= Beginning of Section =

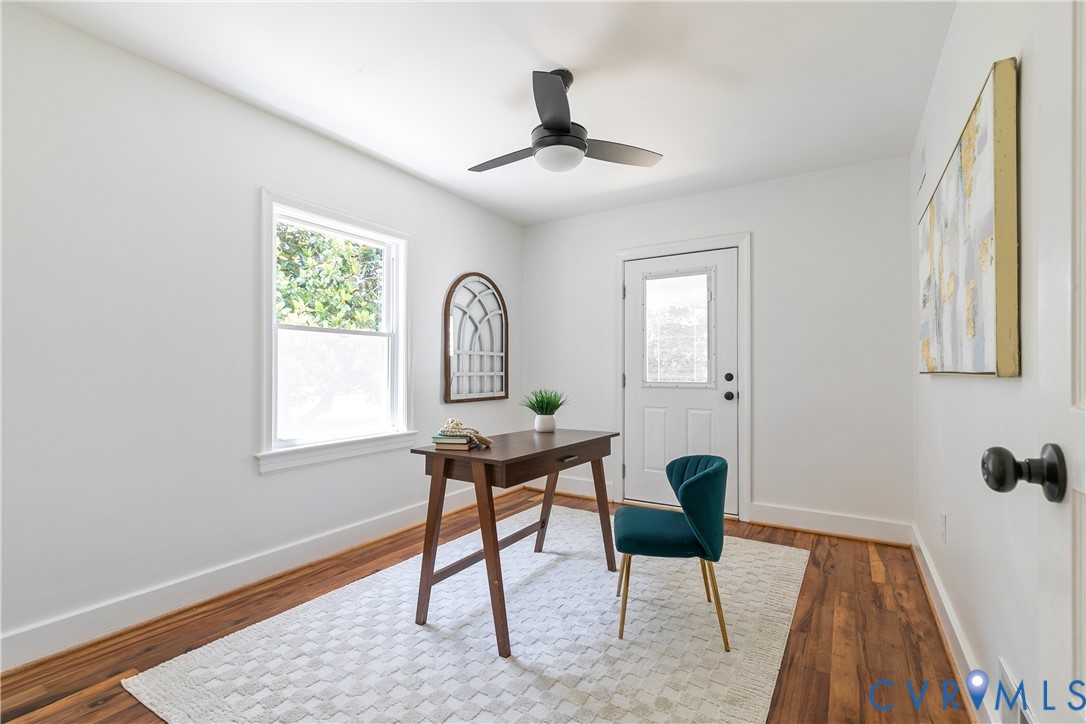 Bright room featuring wood-finish flooring, white walls, a ceiling fan with integrated lighting, and a window providing natural illumination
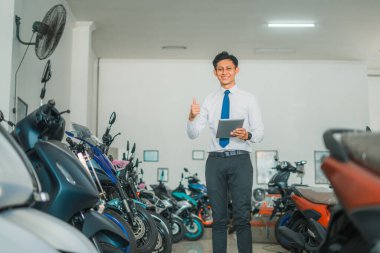 Kravatlı adam arka planda motosiklet galerisi olan bir tablet kullanırken başparmak gösteriyor.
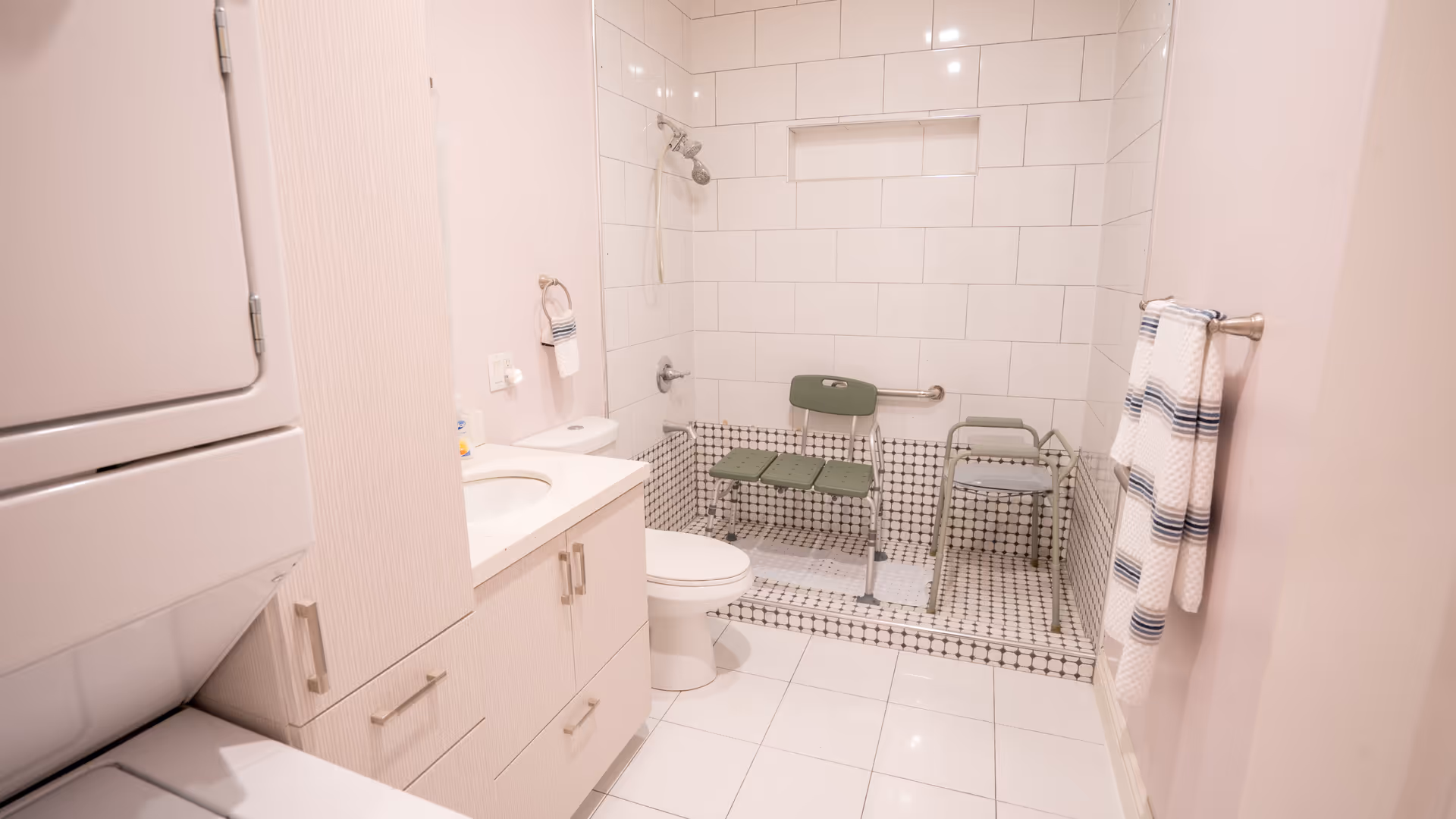 A bathroom with a white tiled walk-in shower equipped with a green shower chair and a green stool. The bathroom also features a white toilet, a vanity with a sink, a towel ring with a white and blue striped hand towel, and a stacked washer and dryer unit. Another towel with blue stripes hangs on a towel bar on the right wall.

= End of Section =

— WORK INSTRUCTION —
Repeat only what lies between the start of the data and the end of the line containing "Kravatlı adam arka", exactly, with pictures left out.

— TASK ANSWER —
 Bright room featuring wood-finish flooring, white walls, a ceiling fan with integrated lighting, and a window providing natural illumination
 Kravatlı adam arka planda motosiklet galerisi olan bir tablet kullanırken başparmak gösteriyor.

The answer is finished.